Böhm-Chronik
Polen und Masuren ziehen ins Revier: um 1880
Auszug aus der "Chronik Ruhrgebiet"
- Beitrag von Ursula Nordhorn
Polen und Masuren ziehen ins Revier: um 18803>
"Mit der Ausbreitung des rheinisch-westfälischen
Industriereviers nach Norden werden für die neuen Zechen an der Emscher
und im Vest Recklinghausen Arbeitskräfte aus den preußischen
Ostprovinzen angeworben. Polnische, masurische und schlesische Arbeiter
siedeln sich mit ihren Familien im Ruhrgebiet an.
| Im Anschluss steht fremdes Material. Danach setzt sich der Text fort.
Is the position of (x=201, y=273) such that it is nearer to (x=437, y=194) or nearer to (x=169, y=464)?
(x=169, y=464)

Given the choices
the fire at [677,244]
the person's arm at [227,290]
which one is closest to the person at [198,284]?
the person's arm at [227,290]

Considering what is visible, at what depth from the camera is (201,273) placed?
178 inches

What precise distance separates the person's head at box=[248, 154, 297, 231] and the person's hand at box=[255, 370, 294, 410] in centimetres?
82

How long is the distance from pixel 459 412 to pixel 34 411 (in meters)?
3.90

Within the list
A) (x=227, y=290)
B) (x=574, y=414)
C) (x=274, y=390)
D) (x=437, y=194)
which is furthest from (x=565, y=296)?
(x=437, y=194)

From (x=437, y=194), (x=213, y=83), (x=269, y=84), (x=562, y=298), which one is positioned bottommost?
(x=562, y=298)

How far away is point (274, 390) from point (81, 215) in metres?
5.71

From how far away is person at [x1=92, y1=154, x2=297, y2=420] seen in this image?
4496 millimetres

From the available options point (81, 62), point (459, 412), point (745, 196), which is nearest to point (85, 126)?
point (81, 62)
Die Zechengesellschaften entsenden Beauftragte nach Ost- und
Westpreußen, in die Provinz Posen und nach Schlesien, um dort
Werbeaktionen durchzuführen. Seit Einführung der Dreschmaschine können
die landwirtschaftlichen Wanderarbeiter und Tagelöhner, die früher im
Winter zum Dreschen angestellt wurden, ihren Lebensunterhalt nicht mehr
durch Saisonarbeit bestreiten. Landwirtschaftliche Tagelöhner und
verarmte Kleinbauernsöhne stellen daher die Mehrzahl der ins Ruhrgebiet
einwandernden Arbeitskräfte. Auch schlesische Bergleute lassen sich
anwerben, da sie sich mit Recht im Ruhrbergbau höhere Löhne und bessere
Arbeitsbedingungen als auf den schlesischen Kohlegruben erhoffen.
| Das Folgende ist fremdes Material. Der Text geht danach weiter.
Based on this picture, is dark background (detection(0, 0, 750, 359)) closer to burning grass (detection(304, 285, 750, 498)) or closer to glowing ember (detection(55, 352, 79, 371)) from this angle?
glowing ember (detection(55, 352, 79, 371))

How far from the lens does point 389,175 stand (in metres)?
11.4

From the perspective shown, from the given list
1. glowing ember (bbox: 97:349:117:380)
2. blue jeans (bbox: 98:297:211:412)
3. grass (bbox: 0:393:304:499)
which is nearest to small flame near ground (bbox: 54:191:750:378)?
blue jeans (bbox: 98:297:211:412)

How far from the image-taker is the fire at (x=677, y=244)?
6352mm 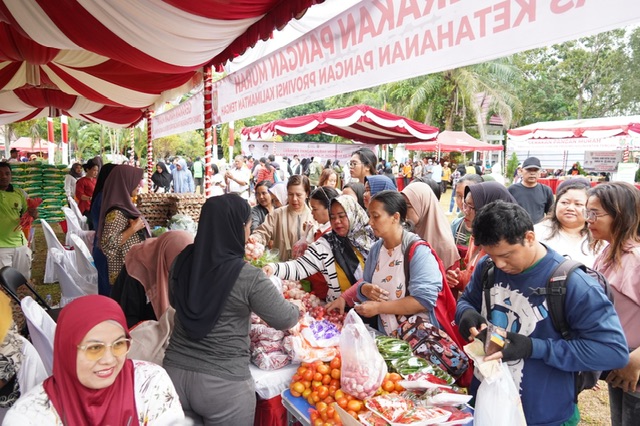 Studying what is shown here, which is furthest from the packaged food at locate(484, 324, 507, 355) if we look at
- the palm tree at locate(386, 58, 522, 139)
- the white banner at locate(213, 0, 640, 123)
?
the palm tree at locate(386, 58, 522, 139)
Die Ruhrindustriellen bevorzugen Arbeiter ihrer eigenen
Religionszugehörigkeit. Die evangelischen Gelsenkirchener Unternehmer
Emil Kirdorf und Friedrich Grillo werben im evangelischen Ostpreußen,
die Katholiken August Thyssen und später auch Peter Klöckner gewinnen
viele Arbeitskräfte in den katholischen Gebieten Westpreußens, Posens
und Polens für ihre Industriebetriebe in Oberhausen und Wanne.
Die evangelischen Masuren aus Ostpreußen kommen als erste in größerer
Zahl ins Revier und lassen sich vor allem in Gelsenkirchen, Buer und
Wattenscheid nieder. Ihnen folgen katholische Polen und
Schlesier, die in Bottrop, Recklinghausen, Wanne und Herne die Mehrzahl
der Zuwanderer stellen. Unerfahrenheit in industriellen
Arbeitszusammenhängen und mangelnde Sprachkenntnisse binden sie stark an
die jeweilige Zeche."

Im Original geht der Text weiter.